If it’s fair to say that Diaz is distorting pro wrestling, it’s also legitimate to observe that he’s emulating it, engaging in the same sort of audacious myth-making that is the cornerstone of every two-bit and big-time wrestling outfit in the universe. But there is plenty of truth in the mix – and authentic skill. Diaz manages to distill the world of wrestling into a story that requires only five actors. The myth-making dimension of the script becomes deliciously manifest when T.H.E. Wrestling promoter Everett K. Olson (EKO) introduces the combatants, a hyperbolic ragout that is equally vague about the hometowns of the wrestlers and their weight. That gives Simmons and other Deity directors some welcome latitude in casting. Well-sculpted as he is, J.R. Jones is hardly the titan we would expect to portray Chad, and Denny Valentin, playing the challenger VP, is so diminutive that we’re verging on absurdity. Costumes, designed by Erin Amelia White, matter a lot, for they allow VP to transform before our eyes from a street hustler into a mystical Arabian terror and for Deity to radiate his regality.

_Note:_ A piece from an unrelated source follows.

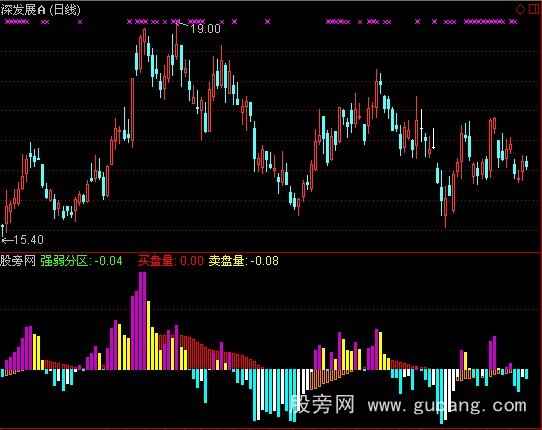 通达信资金强弱量指标公式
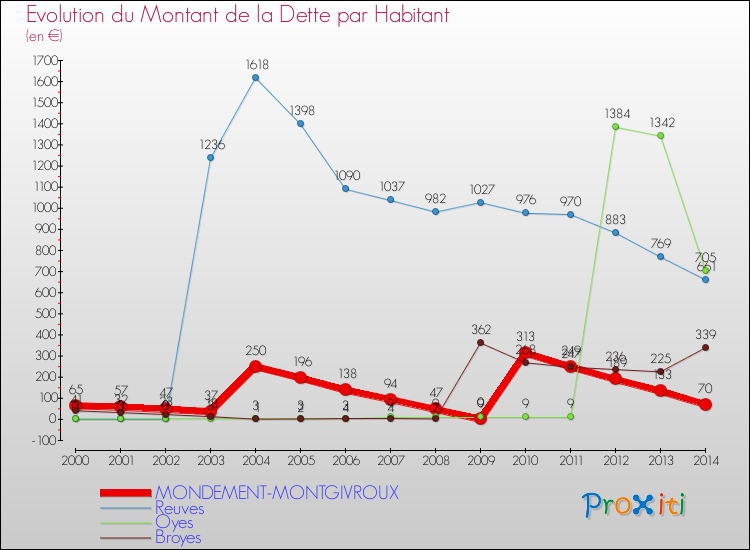 Evolution de la dette par habitant pour la commune de MONDEMENT-MONTGIVROUX et les communes proches de 2000 à 2014 Comparaison de la dette par habitant pour MONDEMENT-MONTGIVROUX et les communes voisines de 2000 à 2014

The uncredited wrestling training and fight choreography are superb, blocked for maximum credibility. I was especially impressed with VP’s signature kick – the sound of his kick was always perfectly synchronized with its feigned impact and the wrestlers always found a diagonal angle that would make the blow believable to a maximum number of spectators. The undercard match, refereed by Josh Lucero with Anthony Brooks wrestling against Mace, had that good-vs.-evil tang that is the hallmark of old-time pro grappling, with Mace donning an ornate mask reminiscent of the heyday of Mil Máscaras. Everything goes just as smoothly when this weighty comedy begins, a tribute to the principals’ acting and athletic talents. Jones exudes smiling, cunning arrogance as Chad Deity, navigating the mean moments and, with equal aplomb, the moments when the champ relies on his business acumen to make his next move. Valentin’s portrait of the streetwise spellbinder/hustler Paduar is two shades more realistic than the evil and nefarious VP, a perfect calibration of the two disparate personalities.

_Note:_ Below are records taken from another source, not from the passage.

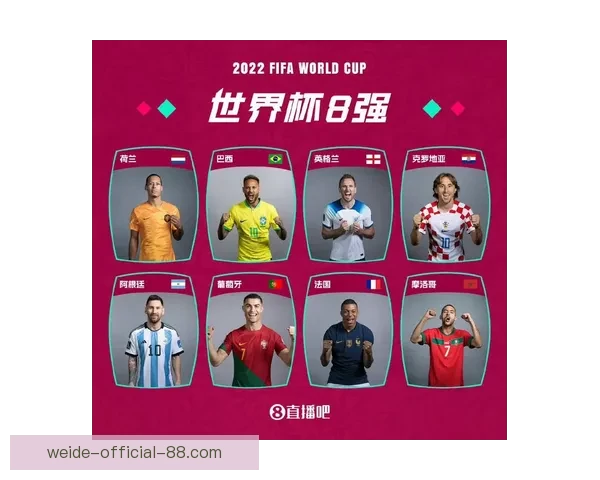 世界杯竞猜赔率分析与推荐 精准预测热门赛事胜负走势
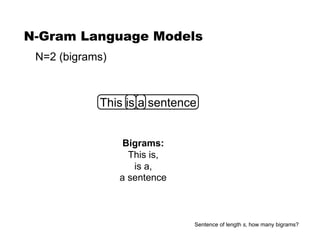 This is a sentence
N-Gram Language Models
Bigrams:
This is,
is a,
a sentence
N=2 (bigrams)
Sentence of length s, how many bigrams?
 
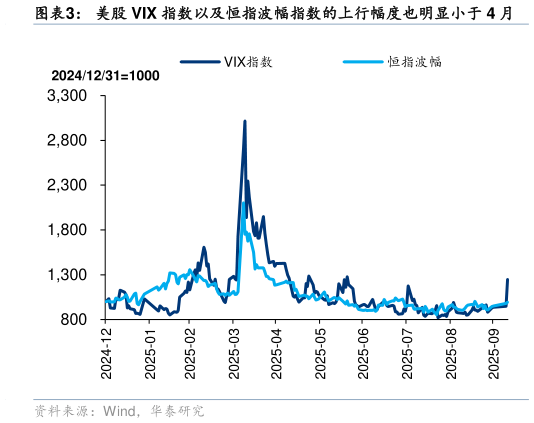 想问下各位网友美股 VIX 指数以及恒指波幅指数的上行幅度也明显小于 4 月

Between these two rivals, who seem to aggravate each other nearly as much when they aren’t playing to the TV cameras, is Michael Smallwood as Mace – narrator, patsy, agent, mediator, and coach with a realistic, sometimes surprising story arc that is far more important to us than the VP-Deity rivalry. Smallwood has that lumpish nondescript quality that chimes with Mace’s lack of celebrity, yet he charms us with his long chunks of autobiographical narrative, occasionally schmoozing the audience while the other personalities draw the spotlight. Mace doesn’t lose all the matches. With more charisma than Mace, Dominic Weaver takes his lumps in three colorful guises, including cowboy Billy Heartland and flag-waving Old Glory.

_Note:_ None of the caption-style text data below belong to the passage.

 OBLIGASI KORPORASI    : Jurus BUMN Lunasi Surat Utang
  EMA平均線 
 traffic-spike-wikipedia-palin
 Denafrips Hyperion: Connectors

Still, the clincher for me was Robert Paolino as EKO. With graying slicked-back hair, wielding a cigar in a loud and vulgar dinner jacket, Paolino becomes the ultimate bigshot sleazeball, an ignorant-yet-crafty genius of a promoter who is forever mercenary and unpredictable. Notwithstanding his bigoted Neanderthal mindset, he’s an object of supreme fascination. Like Deity, it’s hard to take your eyes away from him. Together they both personify the crassness of professional wrestling, delivering wave after wave of guilty pleasures with an artistry that cannot be denied.